When YAML Bit Me


This is the story of a bug I encountered about 3 years ago. Basically, I had a model Book that contained a serialized object attribute called info and BooksController initially contained this search query:

Book.where('info LIKE ?', "%ref: '#{params[:ref]}'")

The bug that surfaced at the time was that some books were not fetched when the search query contained alpha-numeric reference numbers (those that contains both digits and letters) as some reference numbers were pure digits and some were a mix of digits and alphabetical characters.

The main issue with the previous search query is that it assumes that the value of ref is always stored wrapped in single quotes, i.e. ref: '123' as in the case with integer reference numbers, however; alpha-numeric reference numbers were stored in the database without the single quotes!

My initial solution was to provide two search queries for each type of reference numbers because, at the time, I thought the issue was with the way the object was stored in PostgreSQL. However, and after further investigation, the problem turned out to be with YAML.
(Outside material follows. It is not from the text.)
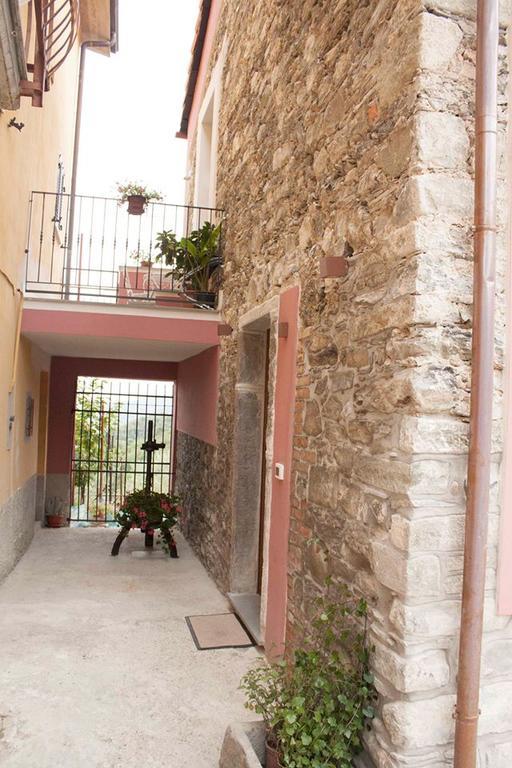 הוילה Bolano Il Borgo Di Pegui מראה חיצוני תמונה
As it turns out, the main issue was with how YAML (or Psych in Ruby) dumps integers and strings differently. Checkout the following code snippet and see for yourself:

require 'psych'

Psych.dump('123')   # => "--- '123'\n"

## vs.

Psych.dump('hello') # => "--- hello\n"

This is not a bug in Psych. In fact, the same behavior is found in Python implementation, PyYAML:

import yaml

yaml.dump('123')   # => "'123'\n"

## vs.

yaml.dump('hello') # => 'hello\n...\n'

It’s weird to me why YAML doesn’t treat all strings equally and keep or remove the quotes all together. This just adds up to the list of weird behavior of YAML. Although to be fair, it might be a way to differentiate between integers and integers wrapped in quotes when they are dumped and reloaded (I’m not waging a war on YAML, I swear).
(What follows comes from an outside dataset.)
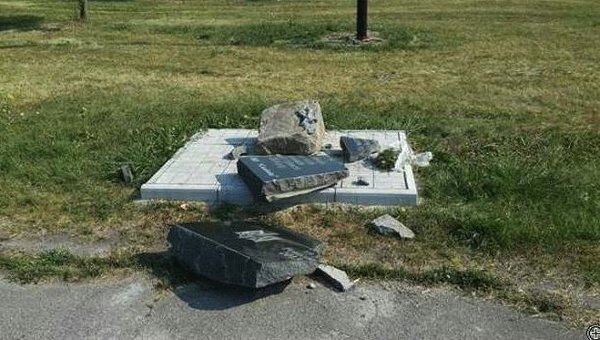 На Западе Украины снесли памятник солдатам УПА На Западе Украины снесли памятник солдатам УПА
Eventually, to work around this issue, I had to explicitly convert params[:ref] to an integer iff it could be cast into an integer. This way, we can write a single search query and remove the wrapping single quotes for all types of reference numbers:

ref = Integer(params[:ref]) rescue params[:ref]

Book.where('info LIKE ?', "%ref: #{ref}")

That’s it for now. Thanks for reading!